◆ What is needed: Your answer must be an exact copy of the data, without any pictures.

◆ Dataset extract:

• • • •

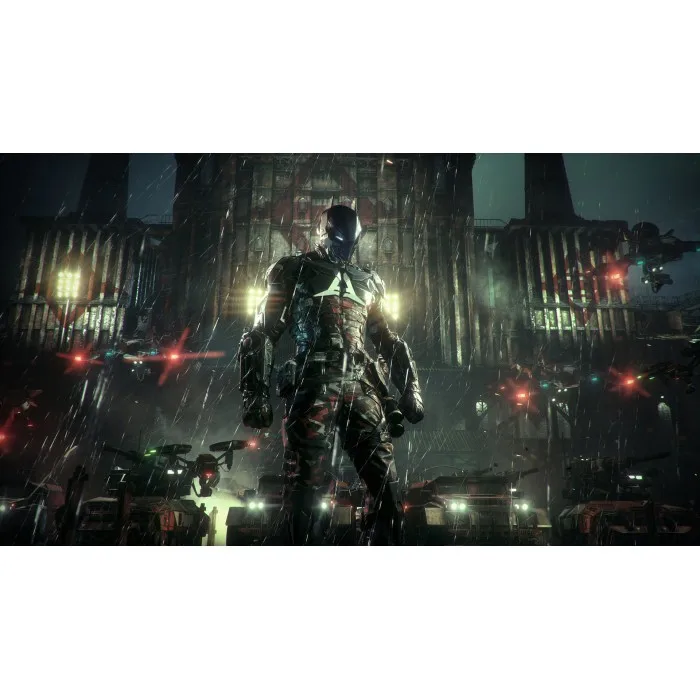 Игра Batman: Arkham Knight (Рыцарь Аркхема) (PS4) б/у | Электроника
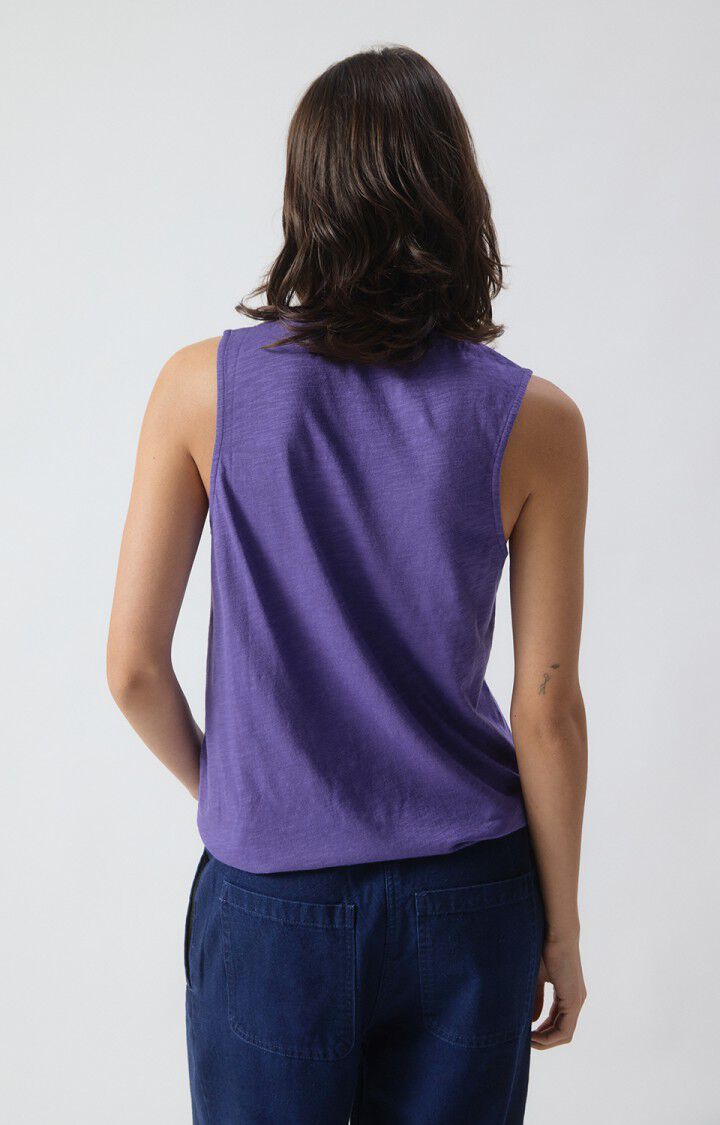 D&eacute;bardeur femme Jacksonville, MYRTILLE VINTAGE, hi-res-model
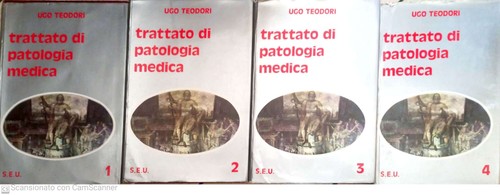 Trattato patologia medica - di,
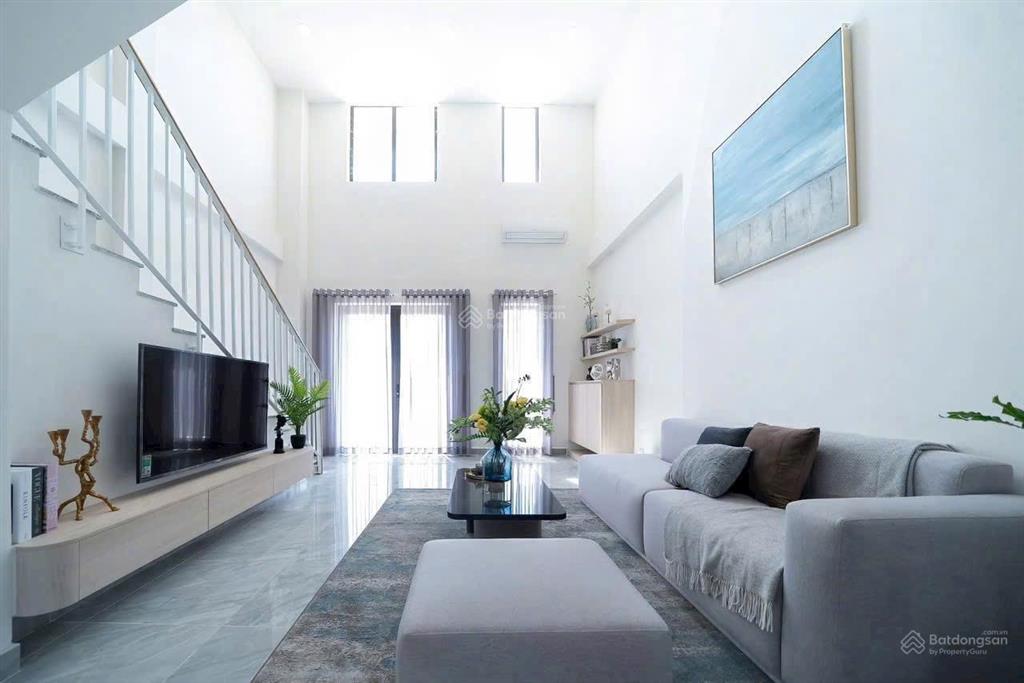 Cho thuê nhà mới 100% tại n17 hòa phú, bình dương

• • • •

◆ Completed exercise:
 Игра Batman: Arkham Knight (Рыцарь Аркхема) (PS4) б/у | Электроника
 D&eacute;bardeur femme Jacksonville, MYRTILLE VINTAGE, hi-res-model
 Trattato patologia medica - di,
 Cho thuê nhà mới 100% tại n17 hòa phú, bình dương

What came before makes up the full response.